* **Data for review**:
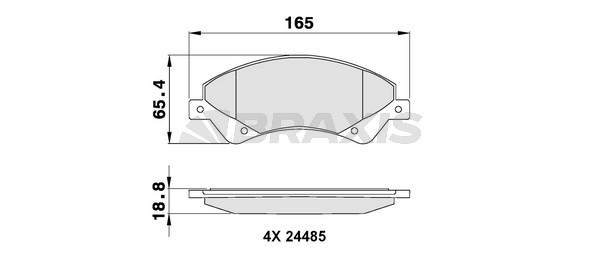 Ford Transit 2006-2014 Arası 2.2 TDCi Braxis Marka Ön Fişli Balata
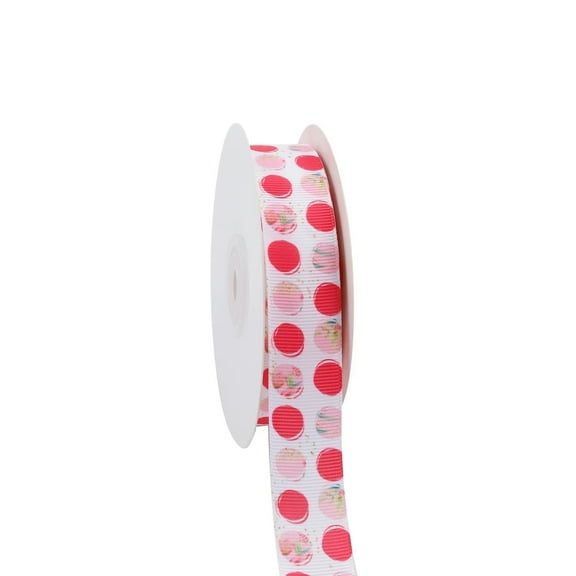 LaRibbons 7/8" Love Dots Grosgrain Ribbon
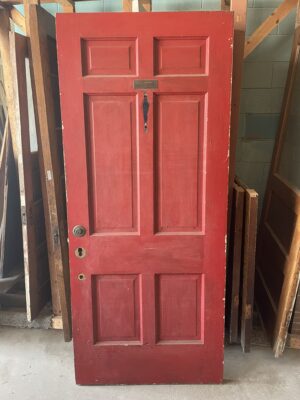 Six Panel Exterior Door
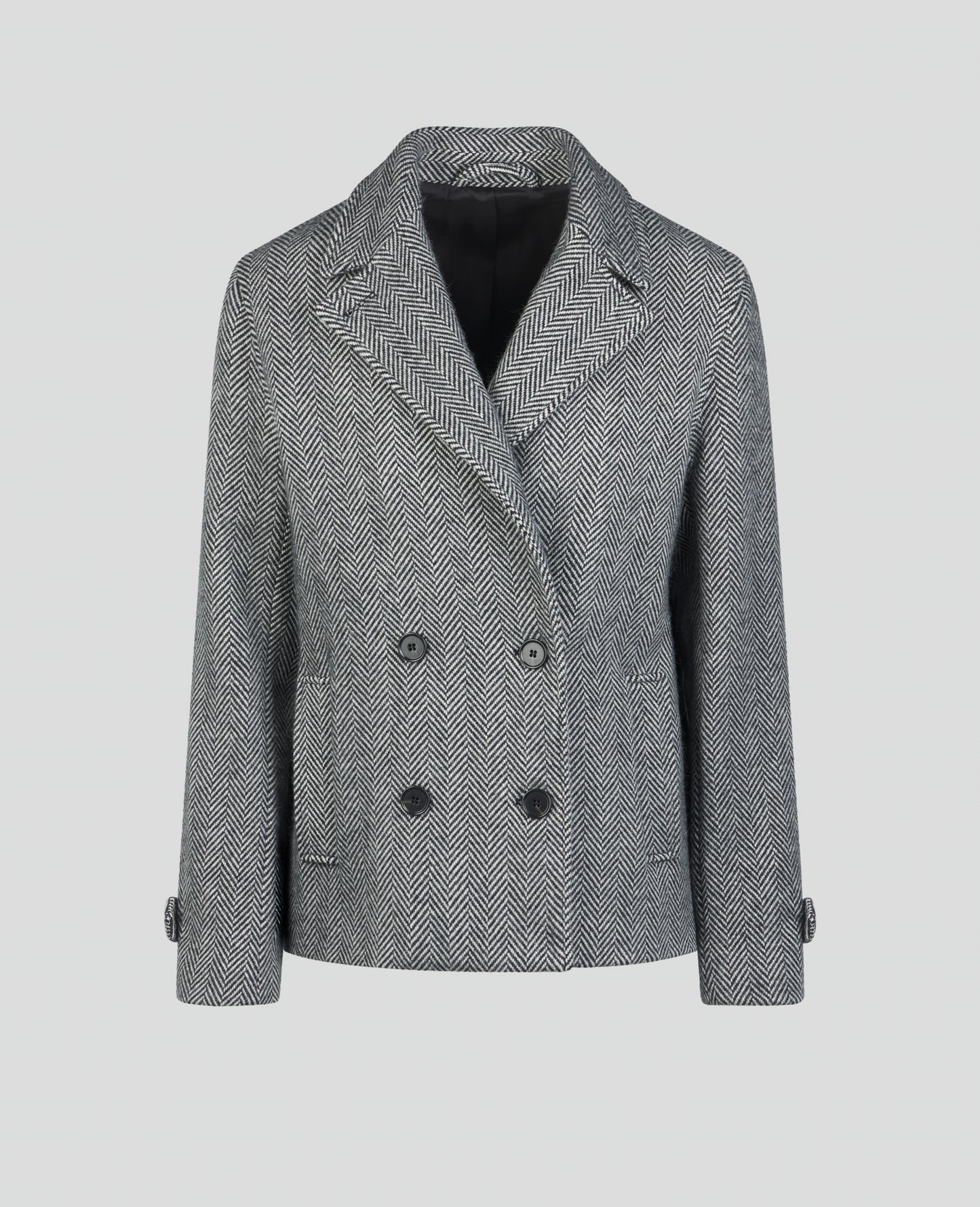 Saoirse Coat in Black and White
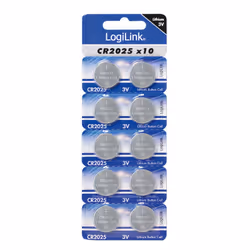 LogiLink CR2025B10 pile domestique Batterie à usage unique CR2025 Lithium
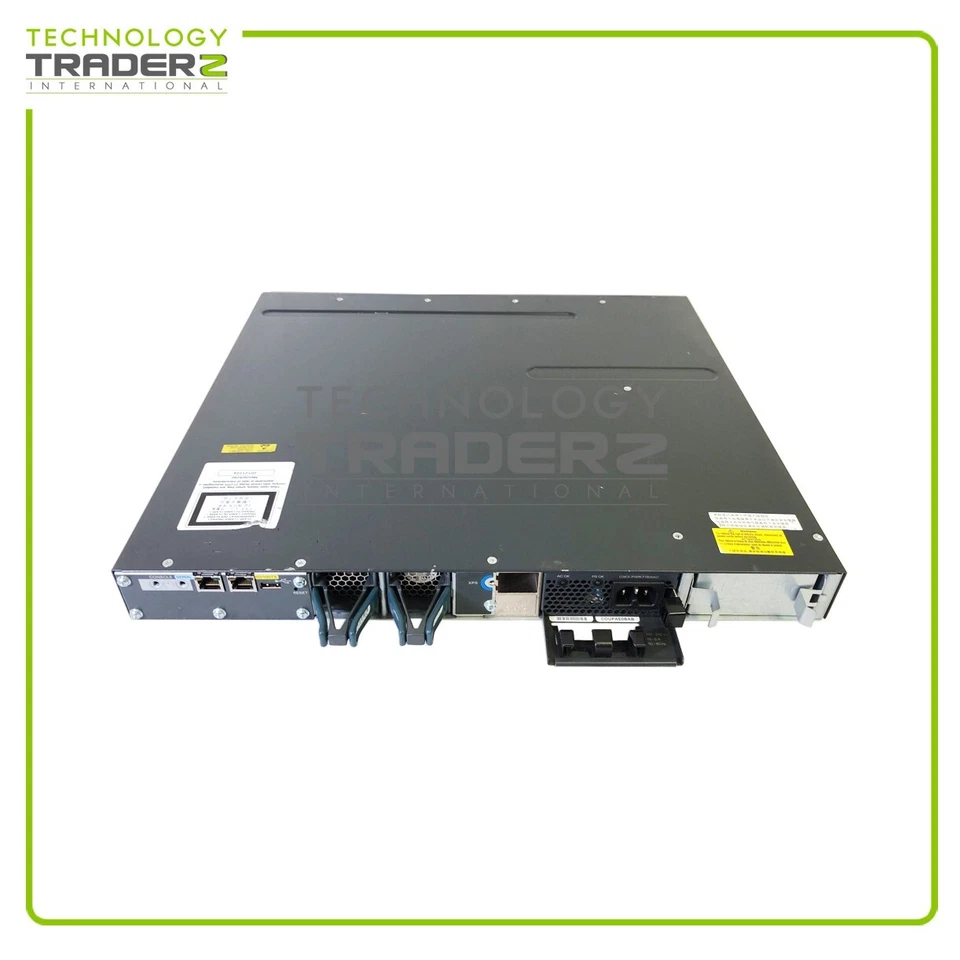 WS-C3560X-24P-L V04 Cisco 3560X 24 Port PoE+ Ethernet Switch W/ 1X C3KX-NM-1G - Image 2 of 2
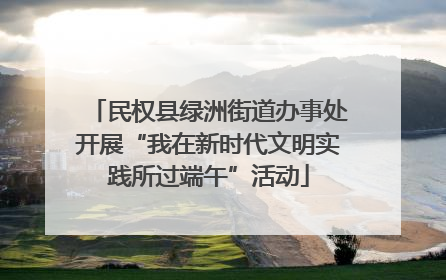 民权县绿洲街道办事处开展“我在新时代文明实践所过端午”活动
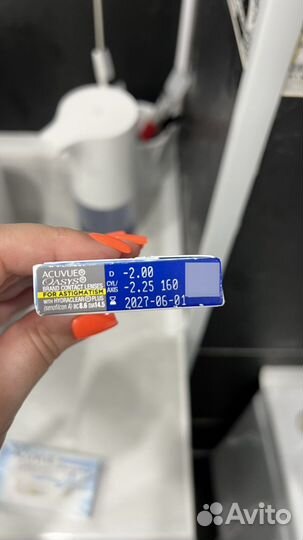Линзы acuvue oasys astigmatism
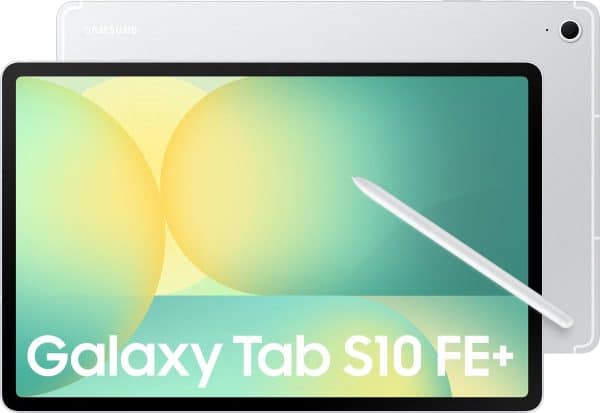 Samsung Galaxy Tab S10 FE Plus - Wifi - 128GB - Silver – voor- en achteraanzicht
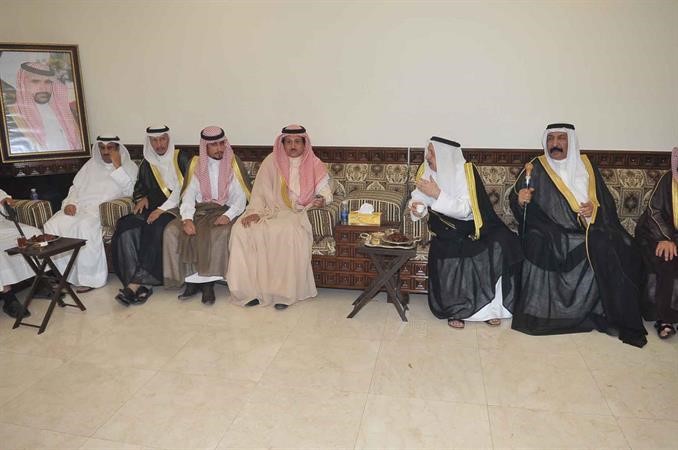 فلاح بن جامع ومبارك بن جشعم ومهلهل السعيد وعدوان الطوالة وحسين البراك ومحمد بن فراج الضيغمي﻿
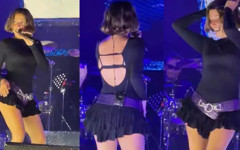 Zeynep Bastık'tan sahnede dikkat çeken dans şovu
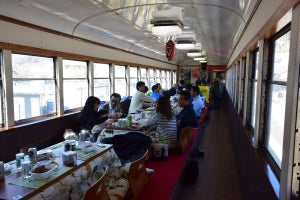 大井川鐵道「SLおでん列車」お座敷客車「ナロ801」で計14日間運行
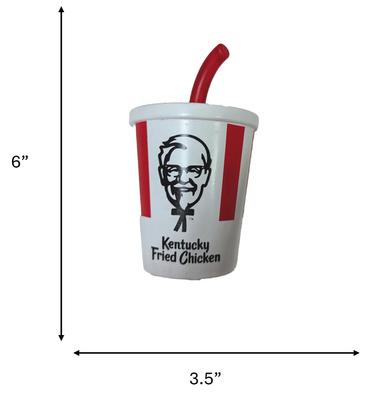 Show full view: Spot Kentucky Fried Chicken Vinyl Soda w/ Straw Dog Toy, 6-in slide 4 of 4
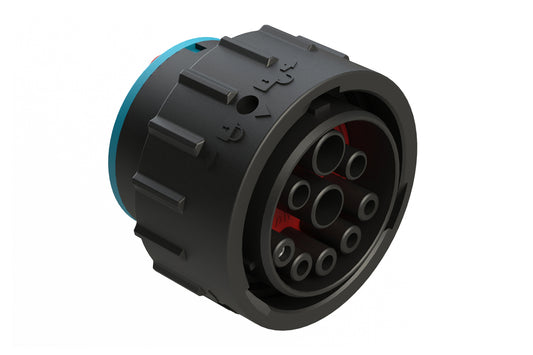 AHDP06-24-91SR-SRA 9 Position ISOBUS Plug, Socket, Shell Size 24, Reduced Diameter Seal (Blue Adapter), Smooth Ring Adapter. HDP26-24-91SE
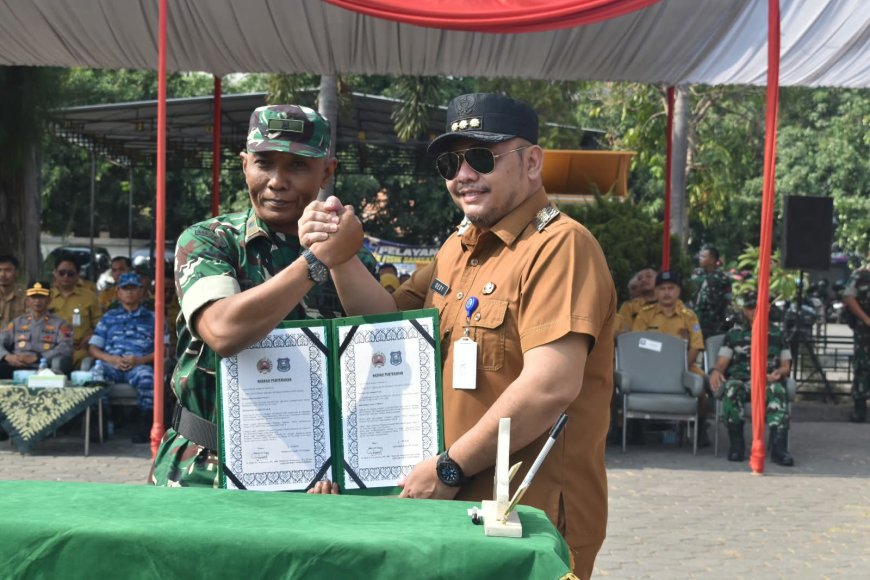 TMMD Sengkuyung Tahap IV 2026 Dibuka, Kodim 0712/Tegal Bangun Drainase di Kemandungan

* **What to produce**: Everything in the data must be printed verbatim except the pictures.

* **Your solution**:
 Ford Transit 2006-2014 Arası 2.2 TDCi Braxis Marka Ön Fişli Balata
 LaRibbons 7/8" Love Dots Grosgrain Ribbon
 Six Panel Exterior Door
 Saoirse Coat in Black and White
 LogiLink CR2025B10 pile domestique Batterie à usage unique CR2025 Lithium
 WS-C3560X-24P-L V04 Cisco 3560X 24 Port PoE+ Ethernet Switch W/ 1X C3KX-NM-1G - Image 2 of 2
 民权县绿洲街道办事处开展“我在新时代文明实践所过端午”活动
Линзы acuvue oasys astigmatism
 Samsung Galaxy Tab S10 FE Plus - Wifi - 128GB - Silver – voor- en achteraanzicht
 فلاح بن جامع ومبارك بن جشعم ومهلهل السعيد وعدوان الطوالة وحسين البراك ومحمد بن فراج الضيغمي﻿
 Zeynep Bastık'tan sahnede dikkat çeken dans şovu
 大井川鐵道「SLおでん列車」お座敷客車「ナロ801」で計14日間運行
 Show full view: Spot Kentucky Fried Chicken Vinyl Soda w/ Straw Dog Toy, 6-in slide 4 of 4
 AHDP06-24-91SR-SRA 9 Position ISOBUS Plug, Socket, Shell Size 24, Reduced Diameter Seal (Blue Adapter), Smooth Ring Adapter. HDP26-24-91SE
 TMMD Sengkuyung Tahap IV 2026 Dibuka, Kodim 0712/Tegal Bangun Drainase di Kemandungan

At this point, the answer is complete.